Graduation Year

2004

Document Type

Thesis

Degree

M.S.E.E.

Degree Granting Department

Electrical Engineering

Major Professor

Elias K. Stefanakos.

Co-Major Professor

Burton Krakow.

Keywords

conductivity, polarization, overvoltage, scavenger

Abstract

Hydrogen gas is the cleanest fuel which produces only water as a combustion product with no greenhouse or toxic gases. The combustible hydrogen fuel is an energy carrier but not an energy source. As an element, hydrogen is widely available in nature as a component of water and of hydrocarbons. An energy source is needed to extract the element from these compounds and convert it to the combustible hydrogen gas. Today, the energy source for nearly all hydrogen production is fossil fuel, principally natural gas. The supply of natural gas is limited and its price is increasing. Greenhouse gas and air pollutants are emitted when natural gas is used. Electrolytic extraction of hydrogen from water can overcome these stated problems but is more expensive with the present price of natural gas. Manufacturing the hydrogen with a valuable co-product would address this cost disadvantage. Sulfuric acid is a valuable chemical that is produced in large quantities.
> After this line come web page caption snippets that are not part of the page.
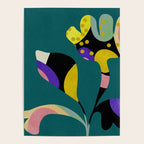 abstract whimsical flower on teal Poster Gallery Image 4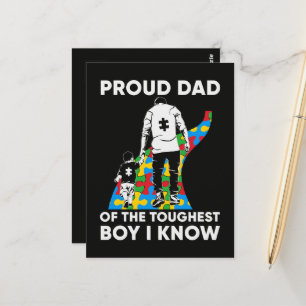 Dad Puzzle Autism Awareness Gift for Birthday Postcard
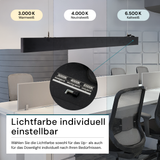 6er-Pack LED Büro-/Tresenleuchte Up&Down, schwarz, 120 cm, 30 W, 3600 lm, UGR<19, 3000-6500 K (CCT), LIFUD Netzteil, erweiterbar, Aluminium.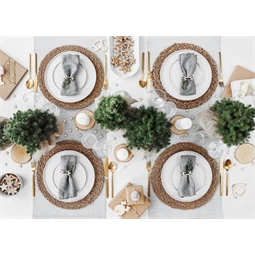 Fa szalvétagyűrűk agancs, természetes fa 6x7,5 cm S/6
This research project helps to develop a procedure for extracting hydrogen from water while producing sulfuric acid as a co-product. An electrochemical cell was designed and developed for the production of hydrogen which uses sulfuric acid as electrolyte. In this electrochemical cell with sulfuric acid as an electrolyte we produce hydrogen at the negative electrode while the positive electrode is bathed in sulfur dioxide which it oxidizes to sulfuric acid. The sulfuric acid is collected at the bottom of the cell as valuable co-product. The presence of SO2 to scavenge the anode substantially reduces the equilibrium voltage required for the direct dissociation of water into hydrogen and oxygen. Various design parameters and the fabrication of the reactor are discussed briefly in the thesis. Experimental results of hydrogen production and current voltage curves are discussed. Sulfuric acid corrosion of cell materials is also discussed.